Scared about entering the journalism world? Me too. On April 8, I attended a talk with two famous professional reporters, CNN reporter Jake Tapper and Washington Post reporter David Fahrenthold. They talked about living in the Trump age of journalism. And during this scary time we live in, hearing journalists hopefully talk about freedom of the press comforted me.
This talk, the Kalb Report, gathered important writers and journalists for a conversation with legendary reporter Marvin Kalb. At the brunch beforehand, I got to meet CNN anchor Jake Tapper and Pulitzer Prize winning Washington Post reporter David Fahrenthold. Meeting people that you admire in the field that you aspire to join becomes one of those once-in-a-lifetime moments. As a student journalist, it invigorates you to keep on doing what you’re doing.
The conversation immediately addressed this strange world of journalism that we now live in. Even though the press and the president haven’t always gotten along, a measure of respect still existed between the two. Now, we constantly hear President Trump calling credible publications like The New York Times, The Washington Post and CNN “fake news” in an effort to delegitimize it.
Political journalists need to now adjust their reporting to Trump’s unconventional methods. “We cover that stuff because normally when a president speaks, the president is speaking on something that he intends to take action on,” said Fahrenthold.
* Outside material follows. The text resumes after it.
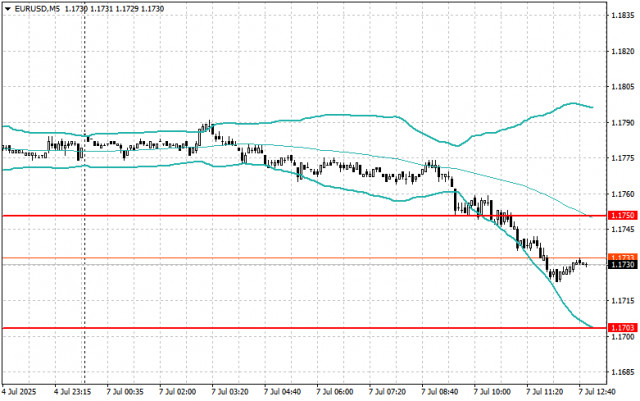 https://forex-images.ifxdb.com/userfiles/20250707/appsimage_analytics686ba1a64c931.jpg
However, most of what Trump tweets is just a response and something that he won’t follow up on. That creates a problem for journalists. A budding journalist would definitely struggle with this. What do you exactly report when someone doesn’t tell the truth?
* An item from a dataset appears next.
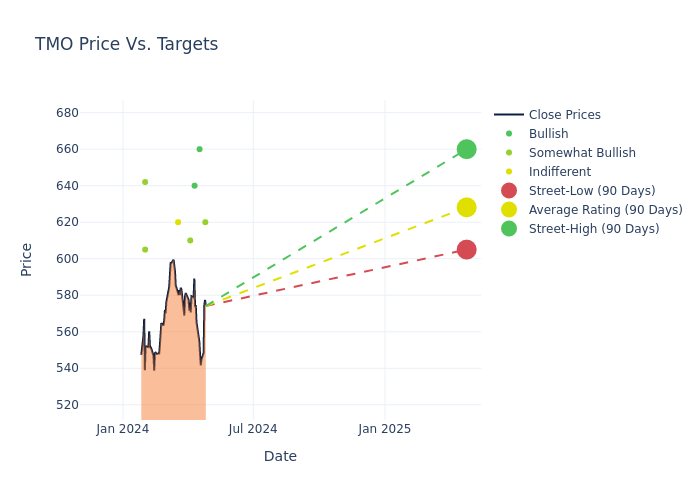 price target chart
Fear not. If famous reporters like Tapper and Fahrenthold can manage this new world of reporting, then you can, too.
For a college student thinking about entering the already testy journalism world, it sounds scary that the president condemns your career choice. But Tapper was ready to offer some comforting words to the public and his colleagues. “I think it’s problematic, but by the same token, our Founding Fathers were brilliant and we still have this land where David can write what he writes and I can broadcast what I broadcast,” said Tapper. “And if it weren’t for those pesky Founding Fathers, then maybe he would have gotten away with it.”
Fahrenthold also held an optimistic and positive view of journalism today. “I have to say, although there have been all these attacks on us as fake news and enemies of the people, in other ways I feel like we’re in a moment of unusual power of the news media in Washington,” he said. “Because of the way President Trump relies on us to make decisions, but also because of the disorganization and sort of lack of control in his White House…I think our influence is greater than it has been.” If that’s not a pick-me-up that’ll make you prouder to be a journalist, then I don’t know what is.
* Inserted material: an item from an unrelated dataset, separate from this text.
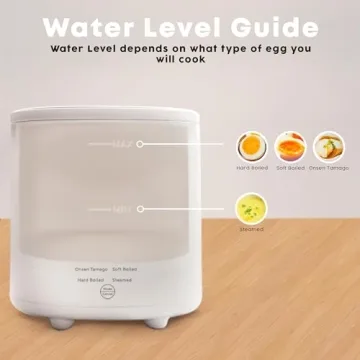 Mojoco Mini Rapid Egg Cooker for Perfect Egg Cooking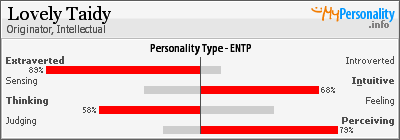 Click to view my Personality Profile page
They also talked about the importance of local journalism outside Washington and NYC. Young journalists need to get more involved in politics than ever. Start small to build yourself up, as a journalist and a responsible politically active citizen. “If you’re going to have a golden age of journalism you’re going to need people holding state houses accountable and mayors accountable. Even if you’re just trying to understand what’s happening in Washington, you need people back in home states watching their Congressmen,” said Fahrenthold.
Hearing famous journalists hopefully talk about the future of journalism hope made me feel better about going into that field. As long as the mainstream journalism community tells the truth by reporting the facts and supports one another, then journalism will be just fine. I left that meeting feeling more proud of the field I decided to join.